A neurotrophic peptide mixture derived from porcine brain proteins — widely approved for stroke and Alzheimer's globally.
Cerebrolysin is a mixture of low-molecular-weight neuropeptide fragments and amino acids derived from porcine brain proteins through enzymatic proteolysis. It contains approximately 25% active peptide fractions and 75% amino acids. The active peptide components are believed to cross the blood-brain barrier and exert neurotrophic effects similar to naturally occurring neurotrophic growth factors.
Developed in Austria by Ever Pharma GmbH (formerly EBEWE Pharma), cerebrolysin has been used clinically since the 1970s and is approved in over 40 countries including China, Russia, Germany, and multiple Asian and Eastern European nations. It is notable for being a complex biological mixture rather than a single defined molecule — making it difficult to study by conventional pharmaceutical methods.
The active peptide fractions in cerebrolysin appear to mimic the effects of nerve growth factor (NGF), brain-derived neurotrophic factor (BDNF), and other neurotrophic factors — promoting neuronal survival, neuroplasticity, and synaptic function. Administration is IV or IM, typically in courses of 10-30 daily infusions.
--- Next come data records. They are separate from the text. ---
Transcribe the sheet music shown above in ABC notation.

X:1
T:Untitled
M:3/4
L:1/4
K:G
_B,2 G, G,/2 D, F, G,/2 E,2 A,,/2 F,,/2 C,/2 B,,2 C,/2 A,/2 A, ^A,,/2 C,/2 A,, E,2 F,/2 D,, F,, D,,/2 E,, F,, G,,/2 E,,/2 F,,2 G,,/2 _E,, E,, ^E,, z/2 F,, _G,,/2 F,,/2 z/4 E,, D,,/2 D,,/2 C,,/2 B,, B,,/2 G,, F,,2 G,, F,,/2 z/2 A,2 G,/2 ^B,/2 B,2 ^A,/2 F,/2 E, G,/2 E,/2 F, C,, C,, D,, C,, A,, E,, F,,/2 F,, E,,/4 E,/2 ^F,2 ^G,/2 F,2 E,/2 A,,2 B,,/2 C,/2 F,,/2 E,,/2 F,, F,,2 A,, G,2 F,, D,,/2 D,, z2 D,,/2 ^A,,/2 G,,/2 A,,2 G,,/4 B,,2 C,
Multiple randomized controlled trials have demonstrated modest but statistically significant benefits in acute ischemic stroke recovery and Alzheimer's disease. A Cochrane systematic review found favorable effects in Alzheimer's patients. The CARS trial (China Cerebrolysin and Recovery after Stroke) was a large randomized trial showing efficacy in acute stroke.
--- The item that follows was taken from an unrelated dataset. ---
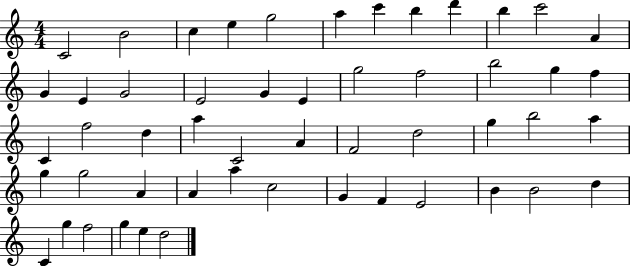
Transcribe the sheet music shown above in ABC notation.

Mechanistic research demonstrates cerebrolysin promotes neuroplasticity, reduces neuroinflammation, inhibits apoptosis (programmed cell death) in neurons, and may facilitate clearance of amyloid beta (implicated in Alzheimer's). These mechanisms align with observed clinical effects.
📚 Key Reference: PMID: 17199021 (Cochrane review Alzheimer's), PMID: 27577668 (CARS stroke trial)
Generally well-tolerated in clinical use over decades. Most common side effects: mild GI disturbances, dizziness, headache, fever with rapid IV infusion. Rare serious adverse events. Contraindicated in epilepsy (theoretical seizure risk), severe renal failure, pregnancy. As a porcine-derived product, prion disease risk is theoretical but considered negligible based on manufacturing processes. Consult your provider.
NOT FDA-approved in the US. Approved in 40+ countries including Austria, Russia, China, Germany, and most of Eastern Europe and Asia. In the US, available through compounding pharmacies or for personal import. Evidence base is solid but mixed quality by Western standards.